* **EXERCISE DESCRIPTION**
Without the pictures, write the listing out again exactly as it appears.
━━━
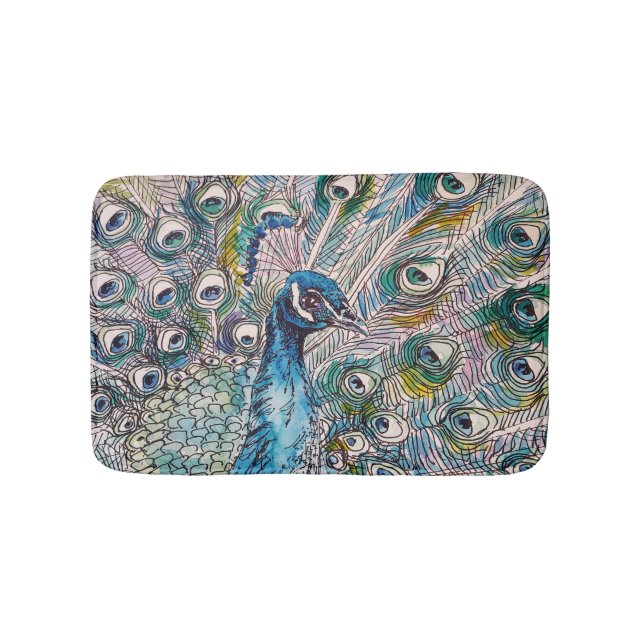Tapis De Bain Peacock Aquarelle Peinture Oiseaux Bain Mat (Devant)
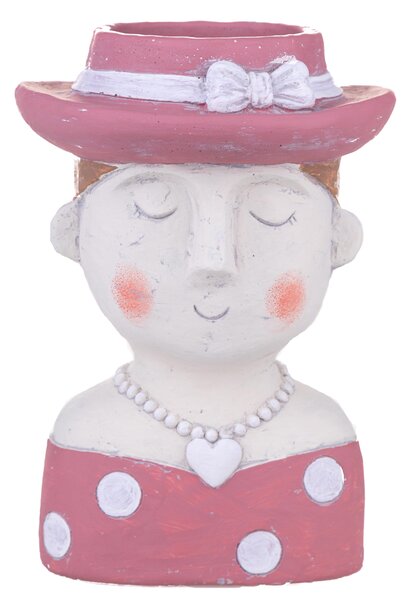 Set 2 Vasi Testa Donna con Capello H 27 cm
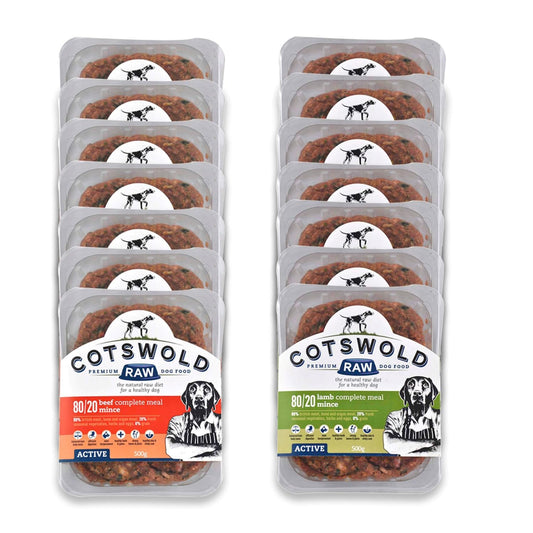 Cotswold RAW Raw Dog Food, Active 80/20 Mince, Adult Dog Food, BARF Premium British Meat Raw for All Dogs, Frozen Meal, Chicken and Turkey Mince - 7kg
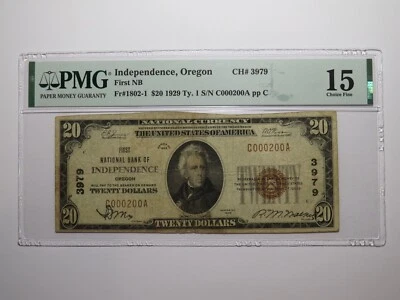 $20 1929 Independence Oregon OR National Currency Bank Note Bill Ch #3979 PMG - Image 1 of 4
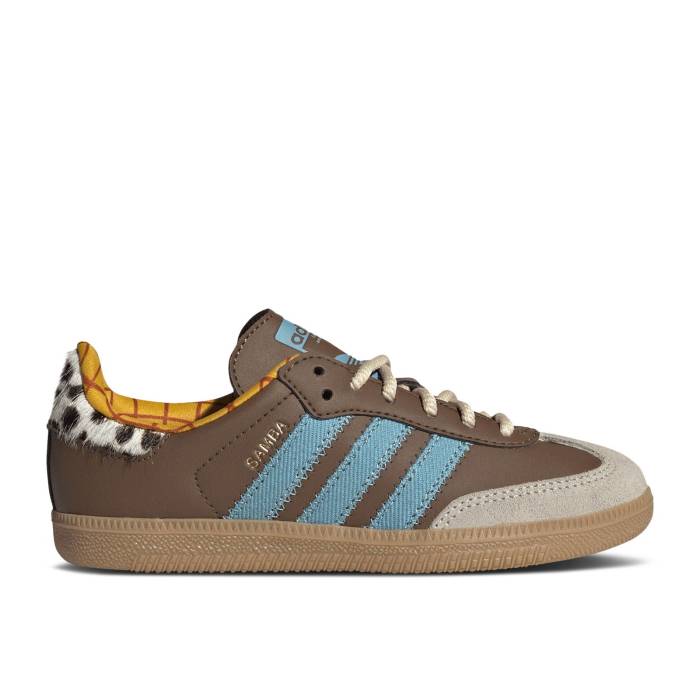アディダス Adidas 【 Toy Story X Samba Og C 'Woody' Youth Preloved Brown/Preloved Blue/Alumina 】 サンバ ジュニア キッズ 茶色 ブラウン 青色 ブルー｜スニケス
━━━
* **RESULT OF THIS TASK**
Tapis De Bain Peacock Aquarelle Peinture Oiseaux Bain Mat (Devant)
 Set 2 Vasi Testa Donna con Capello H 27 cm
 Cotswold RAW Raw Dog Food, Active 80/20 Mince, Adult Dog Food, BARF Premium British Meat Raw for All Dogs, Frozen Meal, Chicken and Turkey Mince - 7kg
 $20 1929 Independence Oregon OR National Currency Bank Note Bill Ch #3979 PMG - Image 1 of 4
アディダス Adidas 【 Toy Story X Samba Og C 'Woody' Youth Preloved Brown/Preloved Blue/Alumina 】 サンバ ジュニア キッズ 茶色 ブラウン 青色 ブルー｜スニケス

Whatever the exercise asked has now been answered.